Oleh : Astari Nur Khofifah

Mahasiswa INISNU Temanggung 

Seiring dengan maju pesatnya kajian tentang ekonomi Islam dengan menggunakan pendekatan filsafat dan sebagainya mendorong kepada terbentuknya suatu ilmu mempelajari masalah-masalah, ekonomi, rakyat, yang diilhami oleh nilai-nilai Islam. Adapun bidang kajian yang terpenting dalam perekonomian adalah bidang Produksi, Distribusi dan Konsumsi. Distribusi misalnya, menjadi posisi penting dari teori ekonomi mikro baik dalam sistem ekonomi Islam maupun kapitalis sebab pembahasan dalam bidang distribusi ini tidak hanya berkaitan dengan aspek ekonomi belaka tetapi juga aspek sosial dan politik sehingga menjadi perhatian bagi aliran pemikir ekonomi Islam dan konvensional sampai saat, ini. Pada saat ini realitas yang tampak adalah telah terjadi ketidakadilan dan ketimpangan dalam pendistribusian pendapatan dan kekayaan baik di negara maju maupun di negara-negara berkembang yang mempergunakan sistem kapitalis sebagai sistem ekonomi negaranya, sehingga menciptakan kemiskinan dimana-mana. Ekonomi berbasis keislaman yang terfokus untuk menanggapi kenyataan tersebut Islam sebagai agama yang universal diharapkan dapat menyelesaikan permasalahan tersebut dan sekaligus menjadi sistem perekonomian suatu negara.

 

Distribusi secara Islami

Dalam aktivitas ekonomi secara sederhana distribusi diartikan segala kegiatan penyaluran barang atau jasa dari tangan konsumen. Aktivitas distribusi harus dilakukan secara benar dan tepat sasaran agar barang dan jasa atau pendapatan yang dihasilkan produsen dapat sampai ke tangan konsumen atau yang membutuhkan.

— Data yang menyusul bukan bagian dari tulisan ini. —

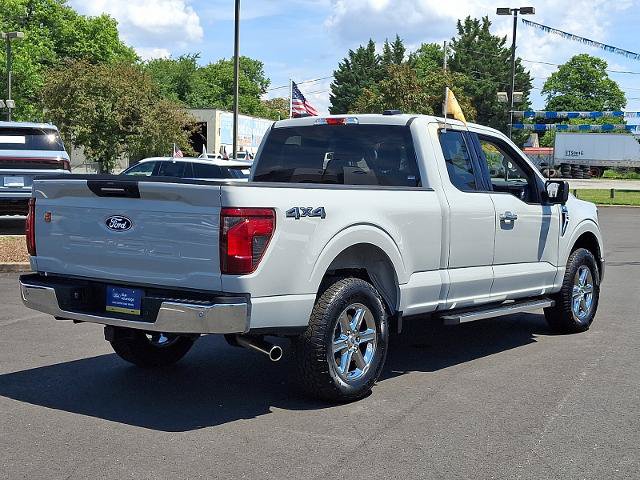 Certified 2024 Ford F150 XLT w/ Mobile Office Package AWD/4WD image 6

Asas distribusi yang diterapkan oleh sistem ekonomi pasar (kapitalis) ini pada akhirnya berdampak pada realita bahwa yang menjadi penguasa sebenarnya adalah para kapitalis (pemilik modal dan konglomerat). Oleh karena itu, hal yang wajar jika kebijakan-kebijakan yang dikeluarkan oleh pemerintah selalu berpihak kepada para pemilik modal atau konglomerat dan selalu mengorbankan kepentingan rakyat sehingga terjadilah ketimpangan (ketidakadilan) pendistribusian pendapatan dan kekayaan.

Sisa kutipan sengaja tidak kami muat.